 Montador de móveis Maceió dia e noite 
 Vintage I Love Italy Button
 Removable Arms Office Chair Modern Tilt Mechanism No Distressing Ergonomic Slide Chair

------------------------------------------------

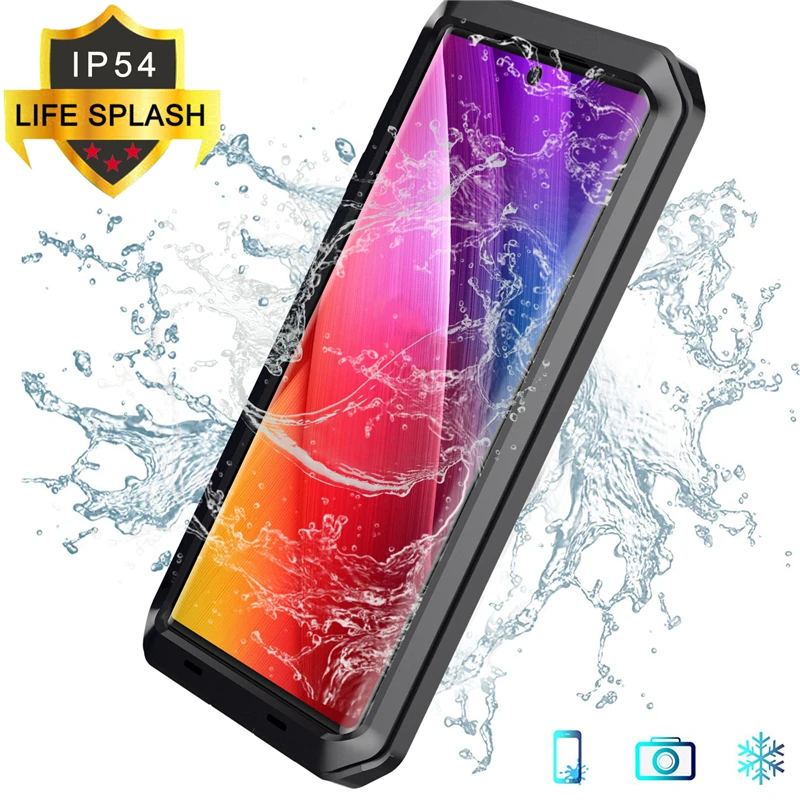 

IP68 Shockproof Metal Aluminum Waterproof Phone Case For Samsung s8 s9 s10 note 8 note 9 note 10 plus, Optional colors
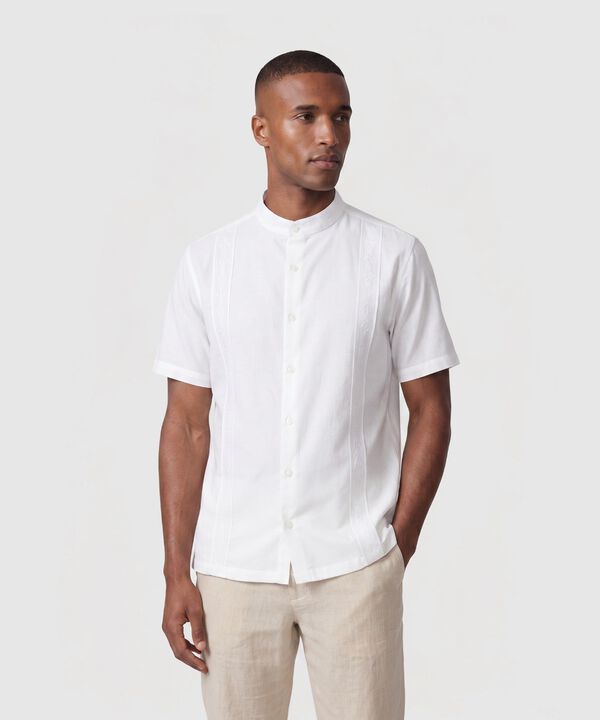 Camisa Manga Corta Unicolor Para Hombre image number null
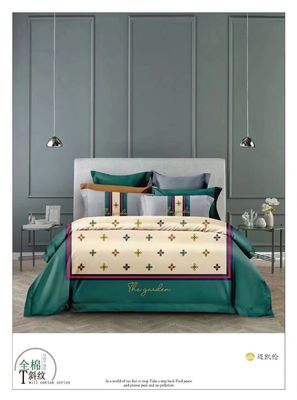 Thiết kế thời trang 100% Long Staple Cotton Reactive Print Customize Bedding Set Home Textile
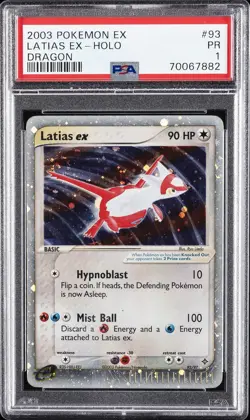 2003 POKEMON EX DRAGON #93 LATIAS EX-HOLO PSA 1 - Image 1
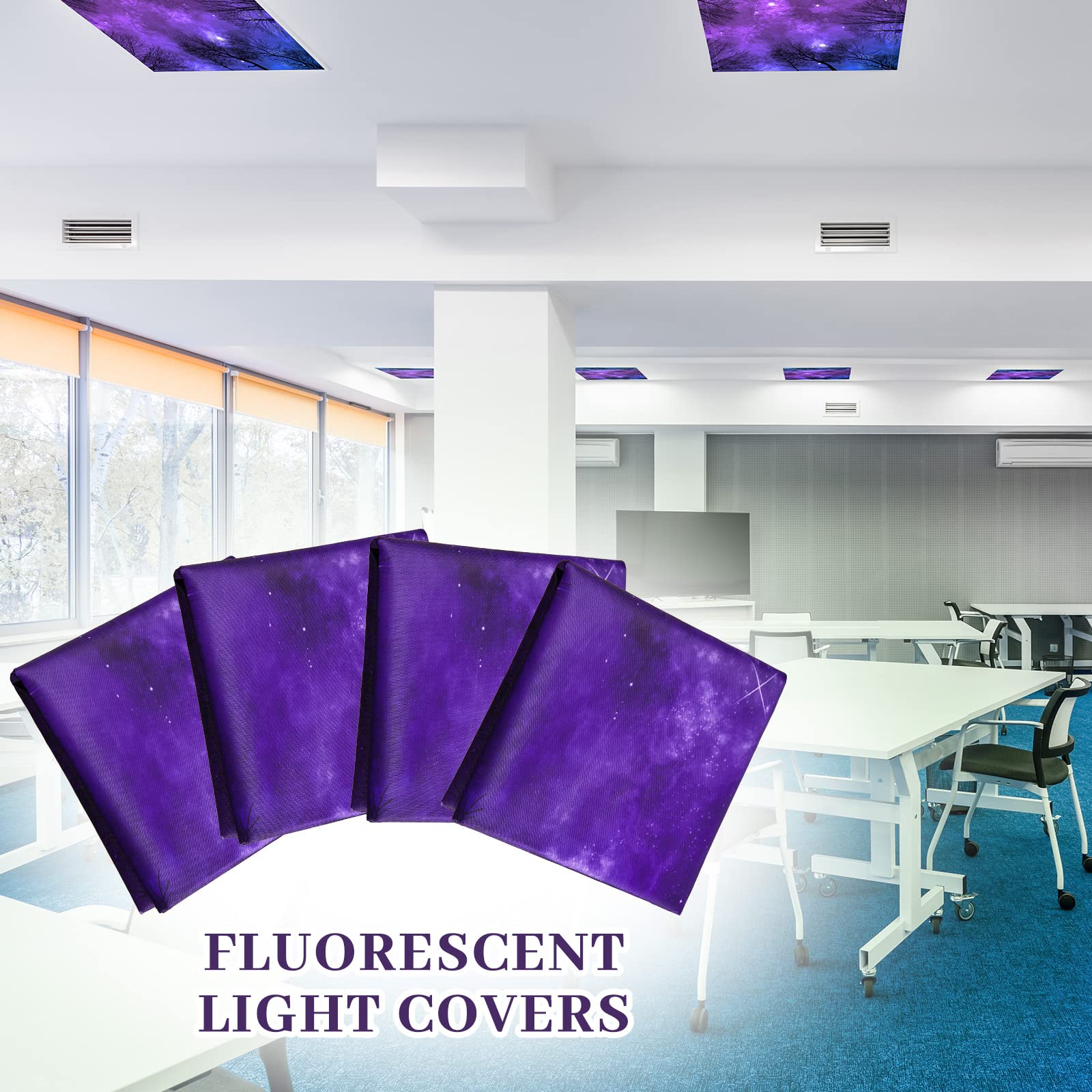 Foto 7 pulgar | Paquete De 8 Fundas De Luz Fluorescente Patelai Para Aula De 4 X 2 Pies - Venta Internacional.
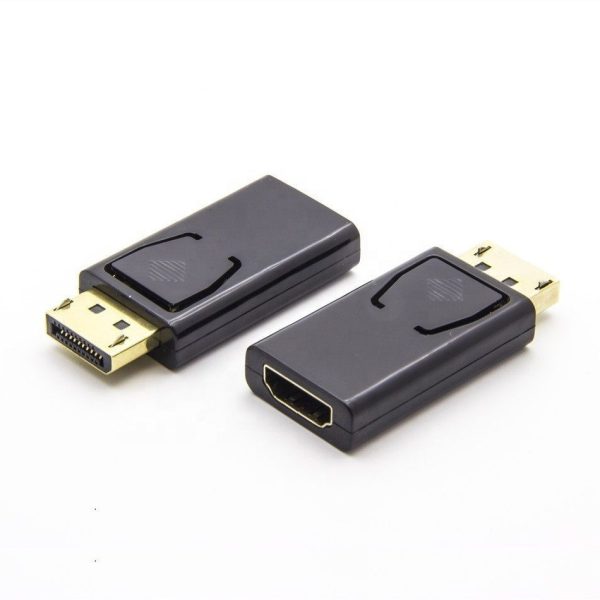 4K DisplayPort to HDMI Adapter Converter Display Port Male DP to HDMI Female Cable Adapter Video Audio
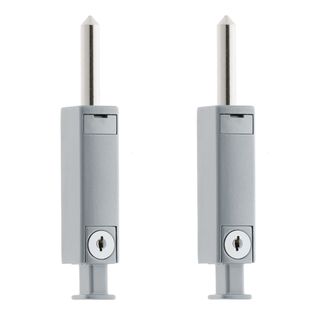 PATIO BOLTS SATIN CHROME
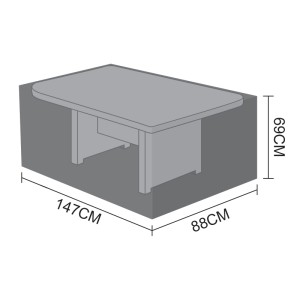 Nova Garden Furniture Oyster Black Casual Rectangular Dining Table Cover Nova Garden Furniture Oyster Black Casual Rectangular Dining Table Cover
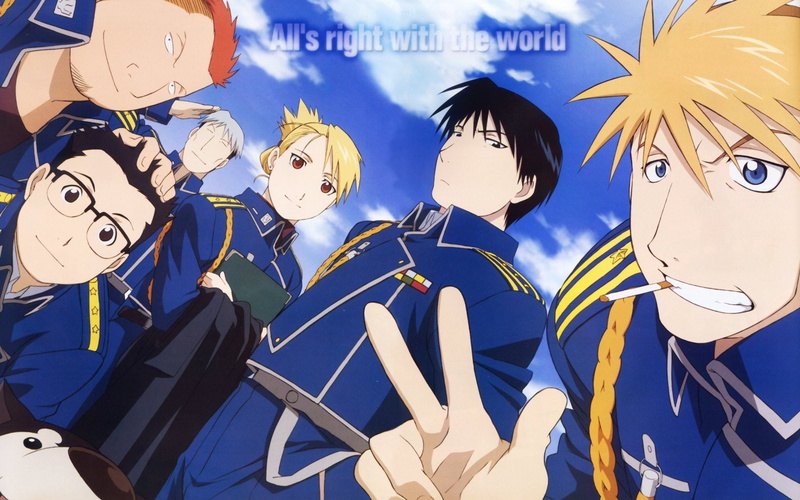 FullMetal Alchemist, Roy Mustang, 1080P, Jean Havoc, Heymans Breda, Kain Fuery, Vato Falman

------------------------------------------------

Extract from the records above the lines from the one containing "Montador de móveis Maceió dia e noite" to the one containing "Removable Arms Office", both lines included, exactly as they appear and with nothing else.

 Montador de móveis Maceió dia e noite 
 Vintage I Love Italy Button
 Removable Arms Office Chair Modern Tilt Mechanism No Distressing Ergonomic Slide Chair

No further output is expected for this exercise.